*** DATA SEGMENT Section Begins ***

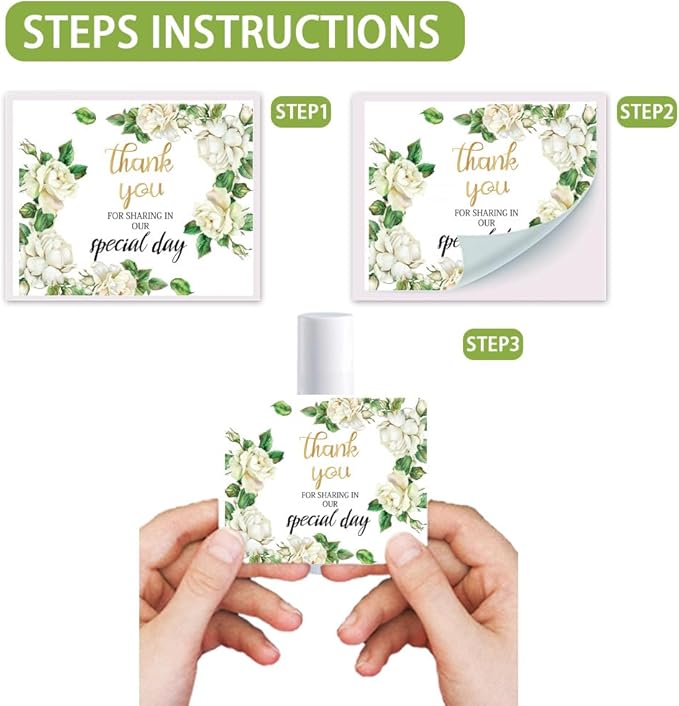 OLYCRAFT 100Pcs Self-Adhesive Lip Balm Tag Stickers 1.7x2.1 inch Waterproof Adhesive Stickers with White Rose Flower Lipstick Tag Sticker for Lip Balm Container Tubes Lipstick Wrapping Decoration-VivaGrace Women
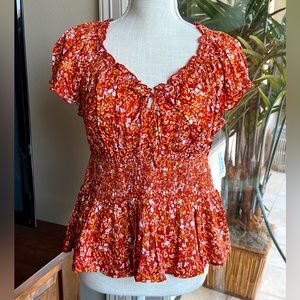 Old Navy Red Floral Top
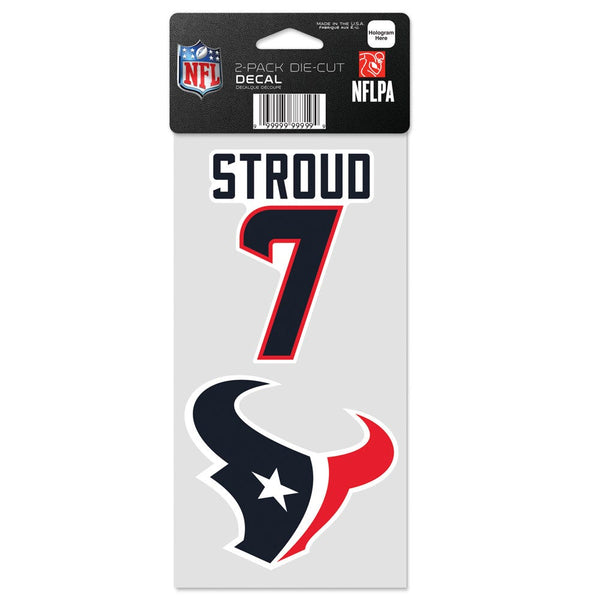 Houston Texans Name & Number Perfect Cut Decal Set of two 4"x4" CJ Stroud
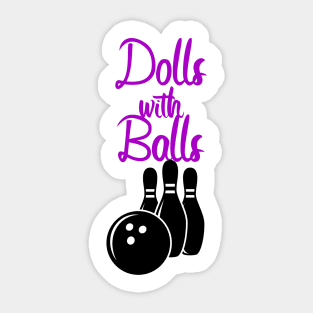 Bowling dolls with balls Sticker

*** DATA SEGMENT Section Ends ***

• WHAT TO DO:
Every line from the one containing "Old Navy Red Floral Top" to the last line of the material must be returned exactly. Leave out any pictures.

• OUTPUT FOR THIS EXERCISE:
 Old Navy Red Floral Top
 Houston Texans Name & Number Perfect Cut Decal Set of two 4"x4" CJ Stroud
 Bowling dolls with balls Sticker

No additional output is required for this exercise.